Uma simples renda preta colocada nas cadeiras já nos transporta para outro viés
de cena e de interpretação, onde a gravidade da situação é colocada, onde a
morte fica sempre na espreita, onde agora somos os reféns destes personagens
tão bem projetados diante de nossos olhos. O cenário, feito uma caixa dividida
numa semi-arena, com cortinados de renda branca, e o inusitado final com uma
semi-nudez elegante de todos os atores, são o ápice deste momento teatral
proporcionado pela Cia de Idéais e por seu diretor João Fernandes. Os objetos
utilizados são relegados a primeiro plano, fundamentais para as sutilezas dos
movimentos e da carga emotiva impressa pelos atores, como se a cada mudança,
eles, os personagens, fossem tragados para o espiral da história rodrigueana.

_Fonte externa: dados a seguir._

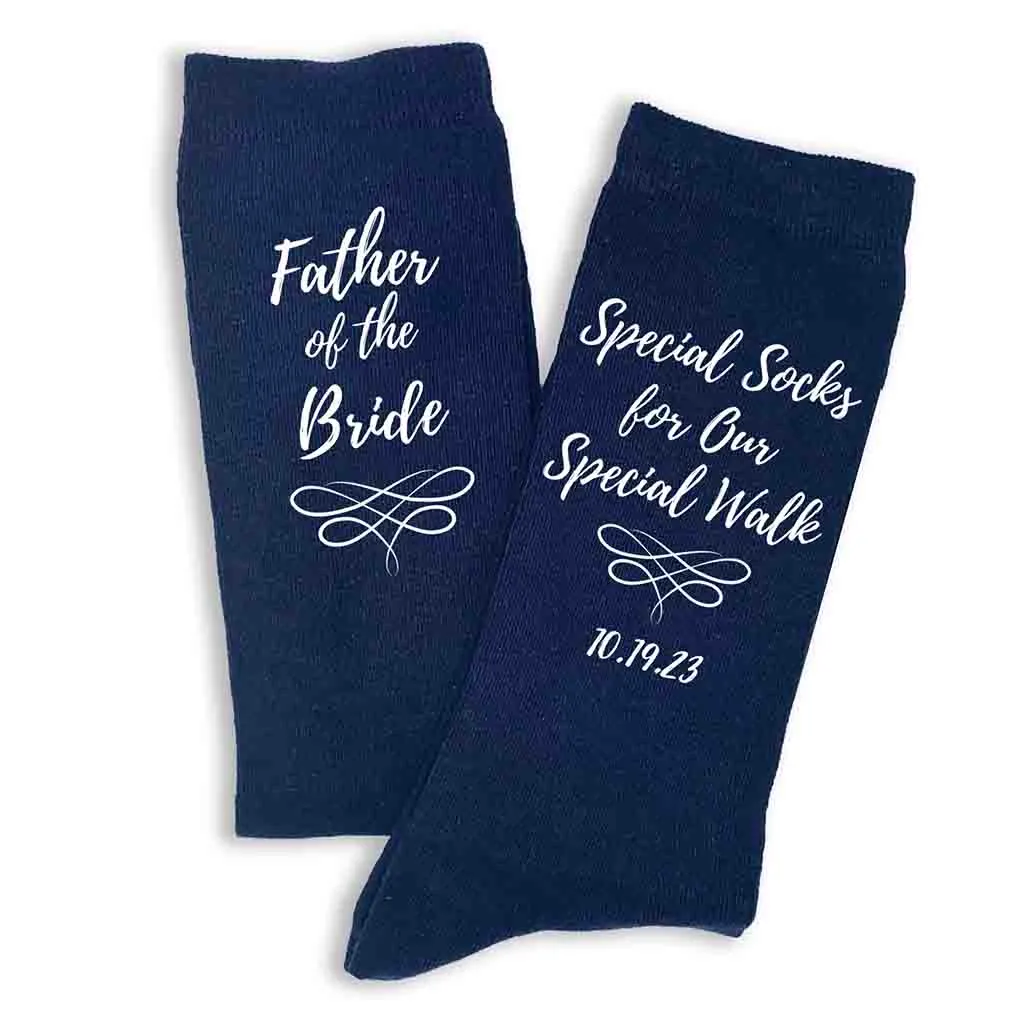 Special Socks for Father of the Bride Walk - Exclusive Edition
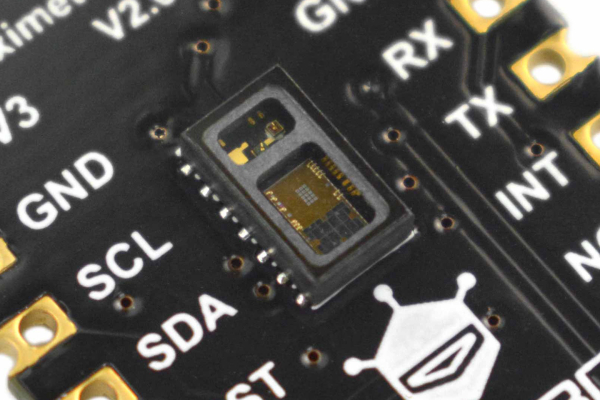 Heart Rate and Oximeter Sensor MAX30102 V2.0, I2C/UART, MCU Algorithm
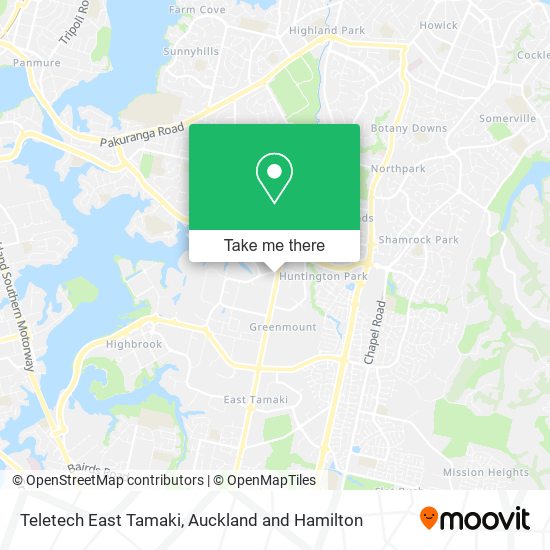 Teletech East Tamaki map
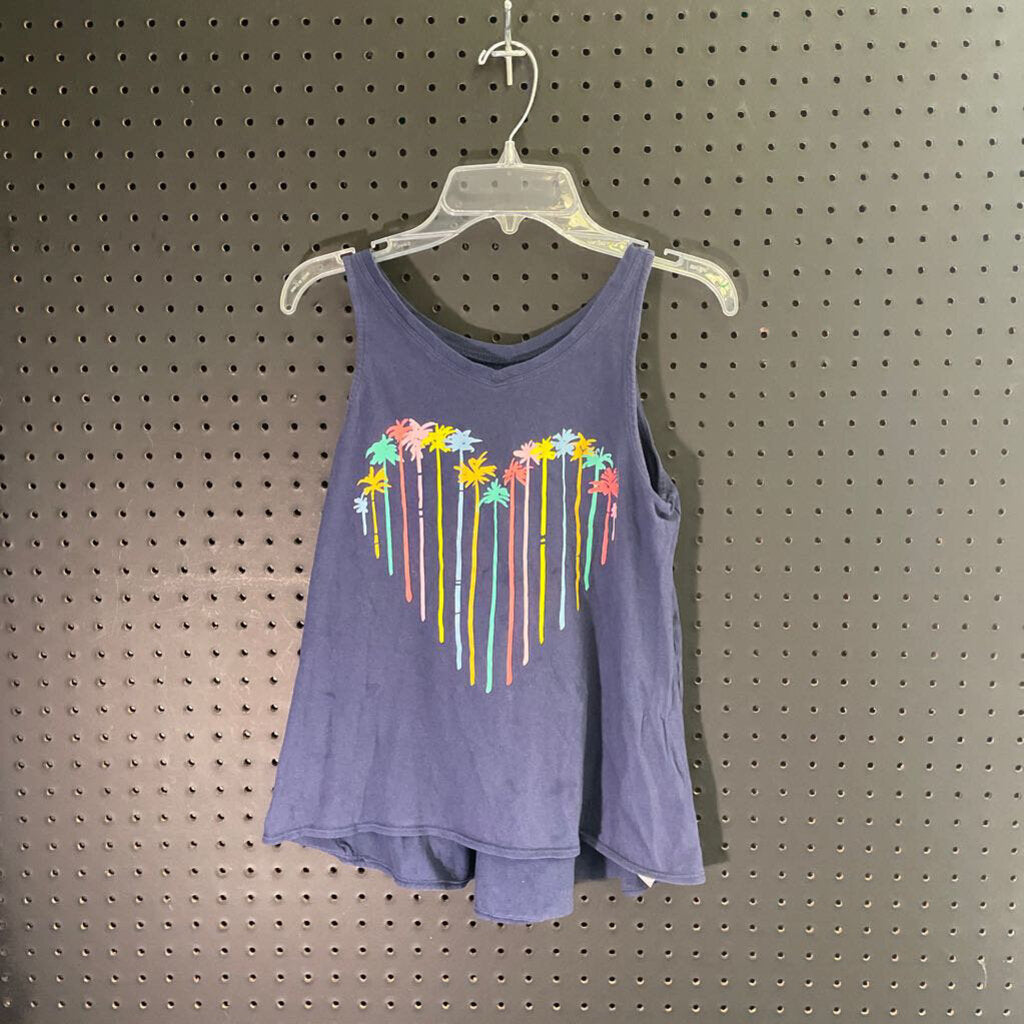heart shape palm trees top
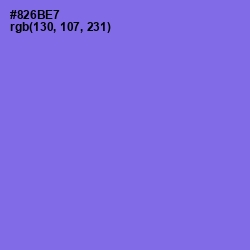 #826BE7 - True V Color Image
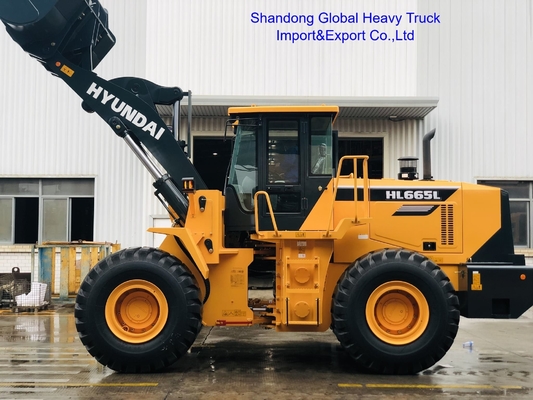 Pala caricatrice frontale Hl665L Hl660L Wheel Loader 5 Ton con trasmissione meccanica idraulica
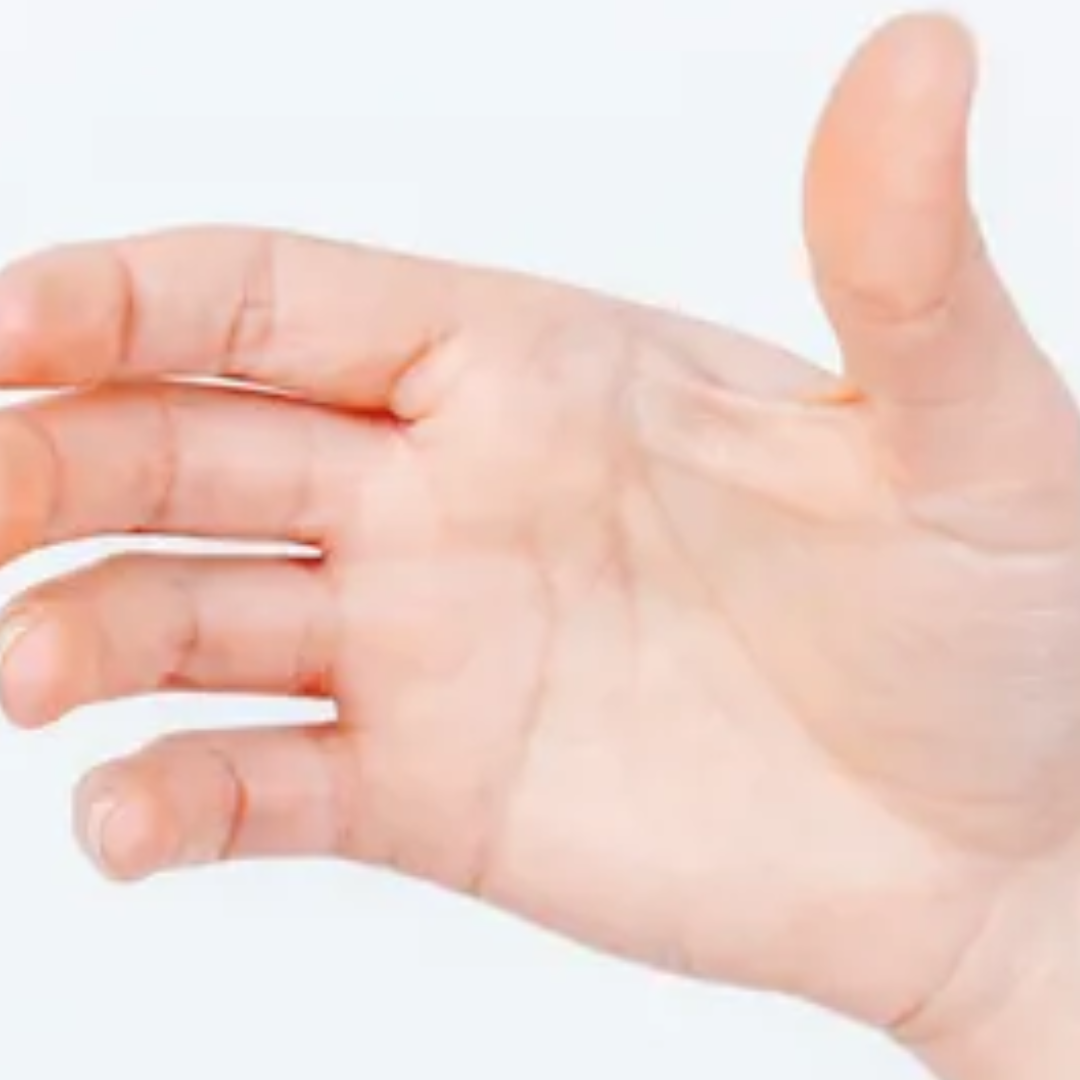 Difficulty gripping objects or making a fist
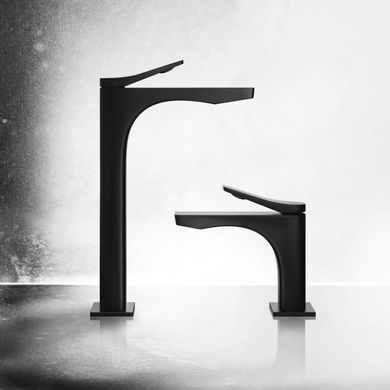 Смеситель для умывальника GESSI RILIEVO, высокий, BLACK METAL BRUCHED PVD (59004707)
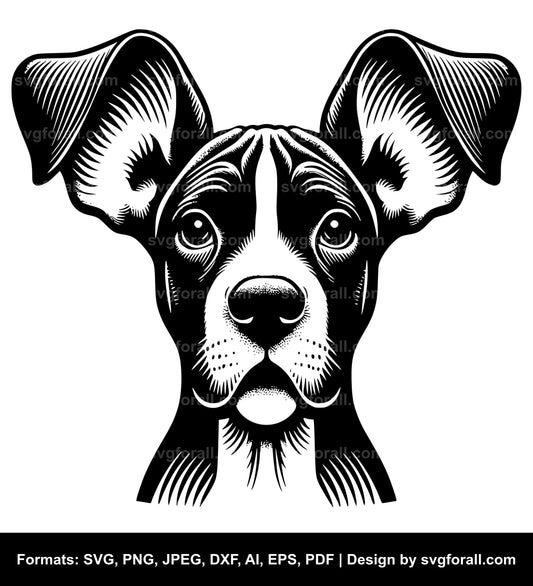 Dog Laser Cutting SVG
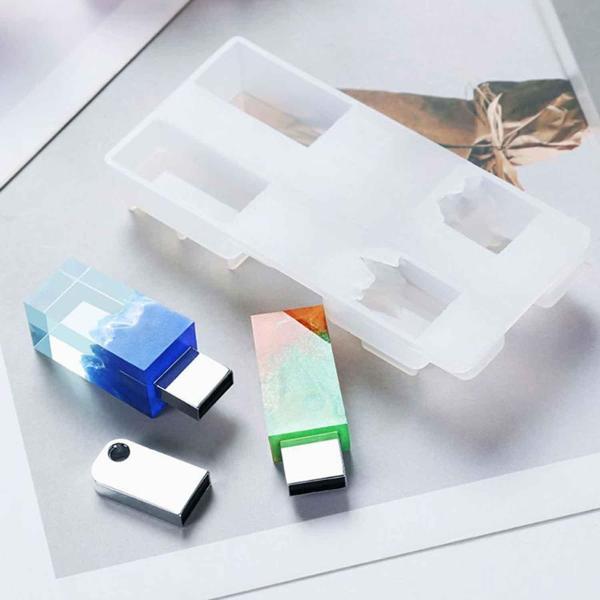 Epoksi Reçine Silikon Usb  Kalıbı 4 lü Model - Image 1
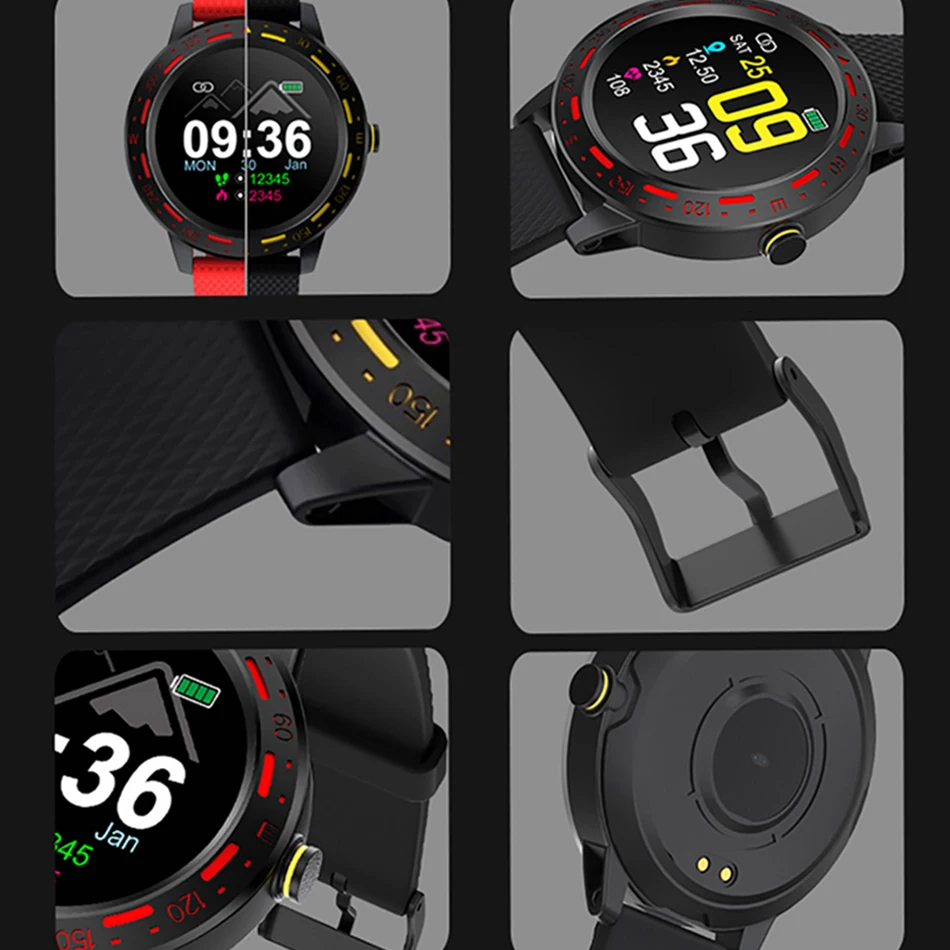 

COXRY Sport Smart Watch Men Android Blood Pressure Oxygen Heart Rate Monitor Bluetooth SMS Smartwatch Women Watches For Iphone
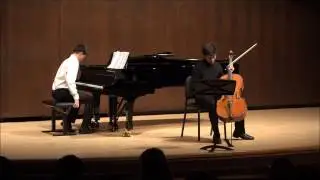 Dvorak Songs My Mother Taught Me. Derek Louie, cello, Dylan Louie, piano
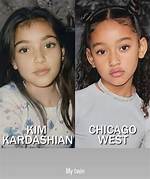 Kim Kardashian & Chicago West, 4, Twin with Goofy Smiles in Cute Selfies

Como não ver lirismo nestas cenas, no casamento medicamentoso e hipocondríaco,
referendado no belo cartaz de divulgação deste Vestido de Noiva? Aos sentidos e
sentimentos cabe ver além das cenas propostas, ir para o outro lado, talvez o
lado mais escondido deste trabalho, que possui algo de intrínseco e até mesmo
esquizoide, como se estes fantasmas operassem bem próximo aos nossos ouvidos,
sussurrando cada palavra com aquele tom misto de trágico e cruel, mas nos dando
um alento reconfortante através do poder desta arte chamada Teatro. É torcer
para que esta montagem tenha longa vida em nossos palcos e além dele.